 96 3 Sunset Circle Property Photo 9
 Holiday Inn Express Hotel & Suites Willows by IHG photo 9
───
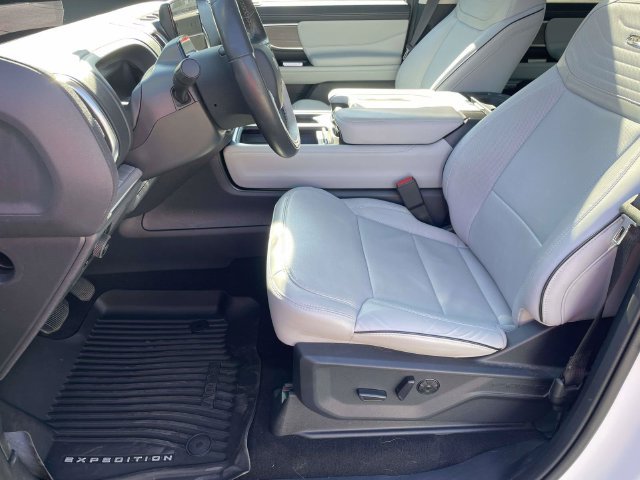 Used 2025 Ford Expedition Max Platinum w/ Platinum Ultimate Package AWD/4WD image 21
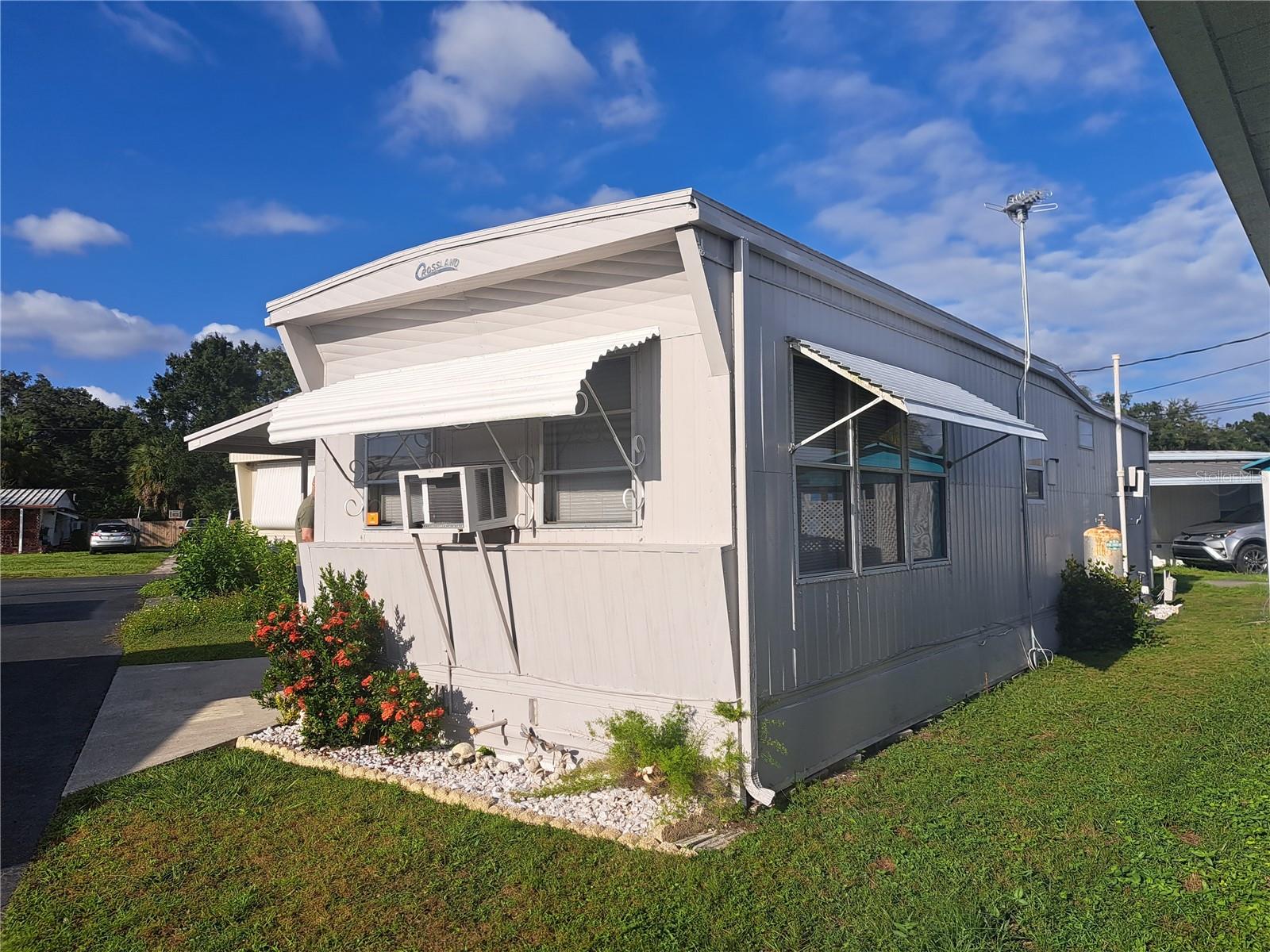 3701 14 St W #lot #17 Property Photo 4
───
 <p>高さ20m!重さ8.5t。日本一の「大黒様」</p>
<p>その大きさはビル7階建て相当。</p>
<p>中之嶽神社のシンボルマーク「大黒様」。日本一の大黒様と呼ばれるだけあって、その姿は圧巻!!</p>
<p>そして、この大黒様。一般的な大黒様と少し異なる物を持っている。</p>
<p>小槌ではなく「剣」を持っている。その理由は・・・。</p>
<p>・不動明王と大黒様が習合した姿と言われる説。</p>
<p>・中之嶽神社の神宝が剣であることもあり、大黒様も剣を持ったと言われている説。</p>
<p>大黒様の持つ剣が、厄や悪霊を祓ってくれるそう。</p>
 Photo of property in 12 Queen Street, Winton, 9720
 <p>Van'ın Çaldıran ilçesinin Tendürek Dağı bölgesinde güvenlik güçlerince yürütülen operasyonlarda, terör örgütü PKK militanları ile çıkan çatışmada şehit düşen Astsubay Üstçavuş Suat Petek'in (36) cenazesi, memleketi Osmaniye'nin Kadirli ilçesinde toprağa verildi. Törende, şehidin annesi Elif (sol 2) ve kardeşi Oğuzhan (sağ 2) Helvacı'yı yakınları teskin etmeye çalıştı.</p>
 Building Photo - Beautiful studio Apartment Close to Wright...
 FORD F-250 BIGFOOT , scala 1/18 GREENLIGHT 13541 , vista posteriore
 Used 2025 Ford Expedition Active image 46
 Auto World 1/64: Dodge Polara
───
### ASSIGNMENT
Repeat word for word the lines above that run from the line containing "FORD F-250 BIGFOOT" through the line containing "Auto World 1/64: Dodge Polara", both ends included, and nothing else.

### WRITTEN REPLY
 FORD F-250 BIGFOOT , scala 1/18 GREENLIGHT 13541 , vista posteriore
 Used 2025 Ford Expedition Active image 46
 Auto World 1/64: Dodge Polara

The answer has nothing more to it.